For leaders from climate-vulnerable nations, COP29 is seen as a critical juncture. Countries like the Maldives and Barbados argue that without meaningful funding and decisive action from wealthier nations, they will struggle to protect their citizens from the escalating impacts of climate change. These leaders contend that current aid levels fall short of addressing the true cost of climate adaptation and resilience, which includes infrastructure repairs, disaster response, and community relocation in the face of rising sea levels. They advocate for a transformative approach to climate finance that goes beyond traditional aid models, incorporating innovative funding mechanisms and levies that could create a more sustainable and equitable support system.

UN Secretary-General Antonio Guterres has emphasised the urgency of securing a deal in Baku, warning that failure to reach an agreement would leave developing nations “empty-handed” and exacerbate existing inequalities in climate resilience. The mounting calls for action underscore the gravity of the situation facing vulnerable countries, which are already experiencing severe consequences from climate-induced disasters. As COP29 progresses, the pressure on wealthier nations to demonstrate genuine commitment is intensifying, with developing countries demanding that rhetoric translate into tangible support that addresses the immediate and long-term challenges posed by the climate crisis.
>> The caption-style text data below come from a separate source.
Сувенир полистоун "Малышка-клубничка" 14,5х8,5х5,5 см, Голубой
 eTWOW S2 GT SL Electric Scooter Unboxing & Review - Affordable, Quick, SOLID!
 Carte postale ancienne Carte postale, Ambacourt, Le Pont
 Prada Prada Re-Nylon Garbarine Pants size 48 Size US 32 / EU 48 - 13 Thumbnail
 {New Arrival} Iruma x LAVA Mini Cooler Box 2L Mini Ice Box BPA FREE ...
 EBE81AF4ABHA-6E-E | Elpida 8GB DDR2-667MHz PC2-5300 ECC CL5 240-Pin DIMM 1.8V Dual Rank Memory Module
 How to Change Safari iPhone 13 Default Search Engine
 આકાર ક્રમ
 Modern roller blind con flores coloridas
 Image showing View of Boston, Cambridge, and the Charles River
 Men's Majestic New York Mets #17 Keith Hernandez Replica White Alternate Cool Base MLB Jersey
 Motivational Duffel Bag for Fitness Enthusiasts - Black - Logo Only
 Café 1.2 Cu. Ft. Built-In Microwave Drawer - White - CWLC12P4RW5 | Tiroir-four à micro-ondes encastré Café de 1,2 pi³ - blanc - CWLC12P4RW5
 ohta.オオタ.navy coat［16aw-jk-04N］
The outcome of COP29 will likely have far-reaching implications, not only for the immediate goals of climate finance and emissions reduction but for the broader credibility of international climate governance. Leaders and activists alike are watching closely to see if the conference will mark a turning point in global climate efforts or if it will echo previous summits where lofty promises overshadowed meaningful action. The stakes are high, with many leaders warning that the cost of inaction will be borne disproportionately by the world’s poorest and most vulnerable communities. The voices at COP29 reflect a growing frustration with the slow pace of progress, and for many, this summit represents a crucial opportunity to push the international community toward a more ambitious, inclusive, and effective climate strategy.